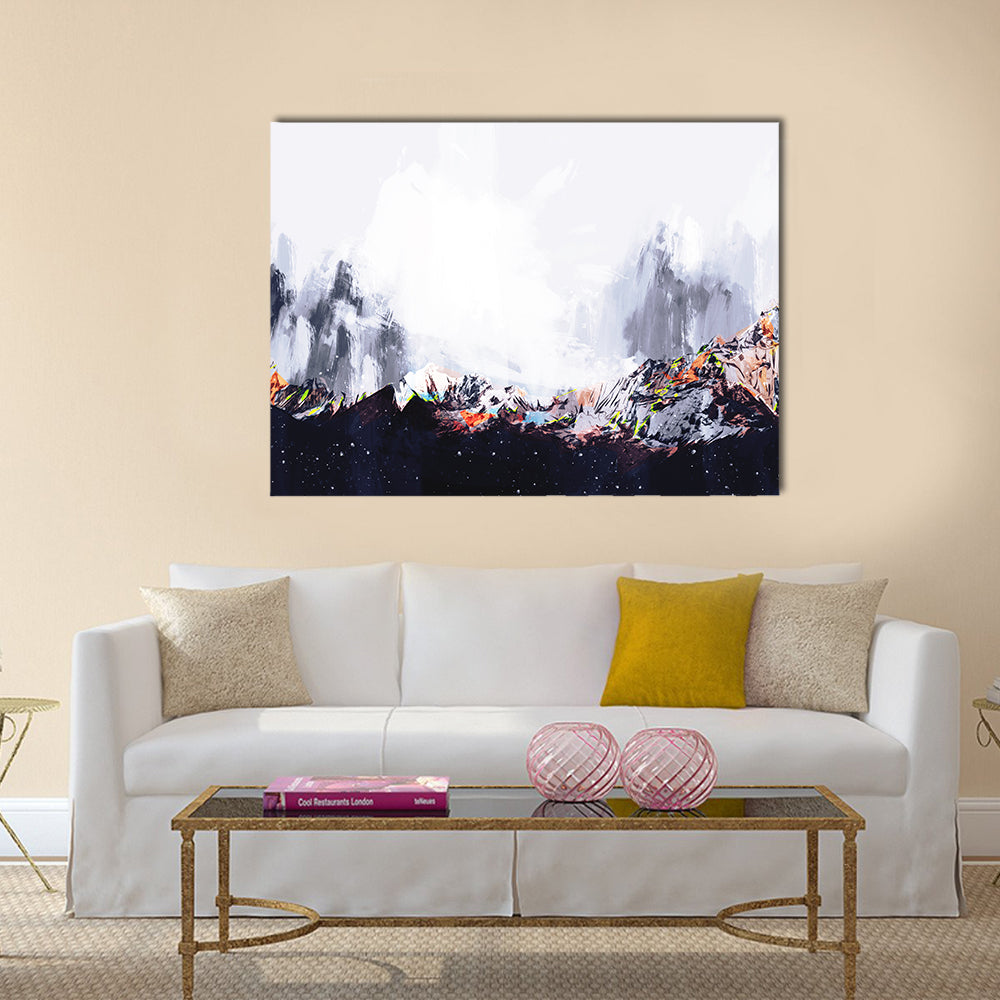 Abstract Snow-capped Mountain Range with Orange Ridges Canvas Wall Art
***
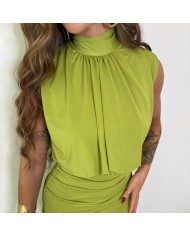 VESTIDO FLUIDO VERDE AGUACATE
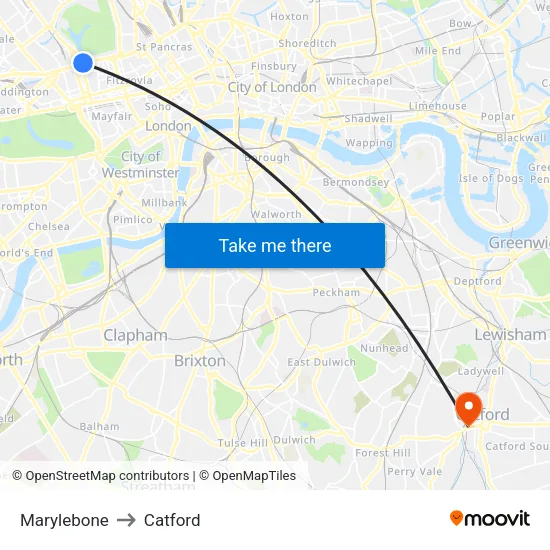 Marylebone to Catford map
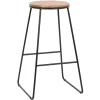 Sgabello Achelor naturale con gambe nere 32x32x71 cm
***
Task statement »
Everything above from the line containing "Marylebone to Catford map" down to the line containing "Sgabello Achelor naturale" is to be duplicated exactly, both lines included, and the pictures are to be omitted.

Answer for this exercise »
 Marylebone to Catford map
 Sgabello Achelor naturale con gambe nere 32x32x71 cm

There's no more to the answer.